Toni Szabó

Personal information
- Full name: Antal Szabó
- Place of birth: Austro-Hungary
- Date of death: Uncknown
- Position(s): Midfielder

Senior career*
- Years: Team / Apps / (Gls)
- 1918–1920: Vasas / 6 / (3)
- 1920–1921: Budapesti AK / 17 / (4)
- 1921–1924: BSK
- 1924–19xx: Slavija Sarajevo

Managerial career
- 1923–1924: BSK (youth)
- 1924: PSK Pančevo
- 1924–19xx: Slavija Sarajevo
- Sport Sombor
- Salgótarjáni BTC
- ŽSK Veliki Bečkerek
- 1939: Jugoslavija Jabuka

= Toni Szabó =

Hungarian footballer and manager

Antal "Toni" Szabó was a Hungarian football manager and player.

==Club career==
Szabó played with Vasas SC along Ferenc Plattkó and received a call for the Hungarian national team in 1917 for a game against Austria (Hungary won 4–1, Szabó didn't debut). Then he played with Budapesti AK in the 1920–21 Hungarian championship. It was the post-World War I period and Szabó decided to leave Hungary and moved to Yugoslavia where he joined Serbian side BSK. In BSK, besides player, he also became coach of the youth teams. Szabó became among the pioneers in Serbia in the field of youth development. BSK was along SK Jugoslavija the dominating Serbian club, and Szabó youth program produced players such as Blagoje "Moša" Marjanović and Aleksandar Tirnanić which, soon after, became best Yugoslav players. As first-team player, Szabó became among BSK key-players. His exhibitions kept the fans impressed, and specially notorious was the time when he scored all three goals in a 3–1 victory of BSK against Ferencvárosi TC. The three goals he scored against his compatriots entered history because they sealed what became the first ever victory of any Yugoslav club against Ferencvaros, considered back then unbeatable.

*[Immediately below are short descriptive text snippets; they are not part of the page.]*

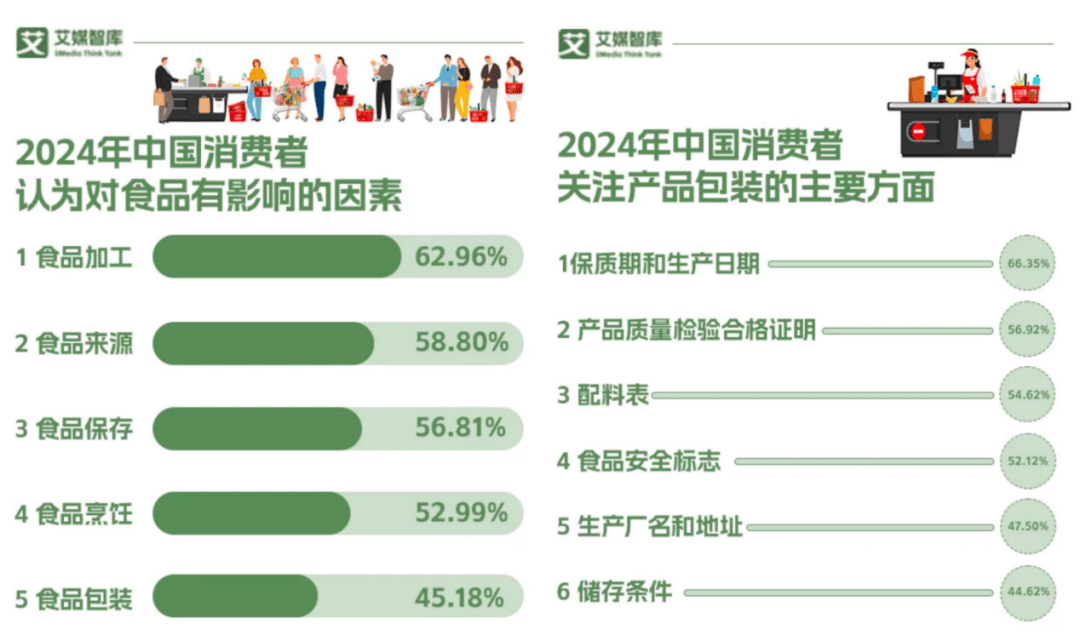 到底是娃麦郎，还是今哈哈？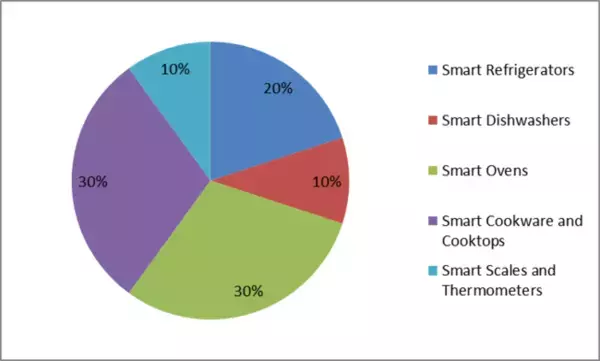 スマート キッチン家電の市場規模、シェア、需要、トレンド、収益機会、および 2028 年までの地域予測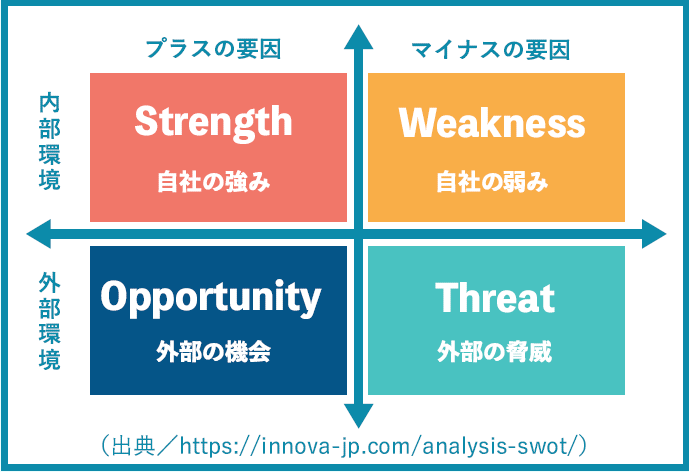 SWOT_analysis.png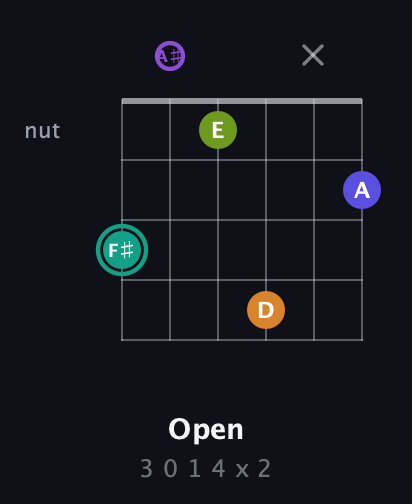 F♯ Augmented 7th Sharp 9th guitar chord — Open (3 0 1 4 x 2) fretboard diagram in Open C Tuning (CGCGCE) · Capo 3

Aiming to further improve his coaching skills, Szabó left BSK in summer 1924 and became the main coach of PSK Pančevo. Not long afterwards he moved to FK Slavija Sarajevo where he took the role of player-manager and contributed greatly to Slavija's rise to become among top Yugoslav clubs. For a period he settled in Sarajevo where he also married. Later, he moved to Sombor. He left Hungary as an army deserter, and while he was in Sombor he received an update that in Hungary the new government proclaimed amnesty for army deserters. He left Sombor and returned to Hungary where he tool charge as manager of Salgótarjáni BTC which included young Gyula Zsengellér at that time. Later, he returned to Yugoslavia where ŽSK Veliki Bečkerek appointed him manager. Besides all these Serbian clubs, while in Yugoslavia, Szabó also coached Croatian cubs Hajduk Osijek, Građanski Osijek, NK Marsonia and Kroacija Zagreb. By March 1939 he was coaching Jugoslavija Jabuka, a club that Szabó drove from the provincial leagues to the 1940–41 Serbian League.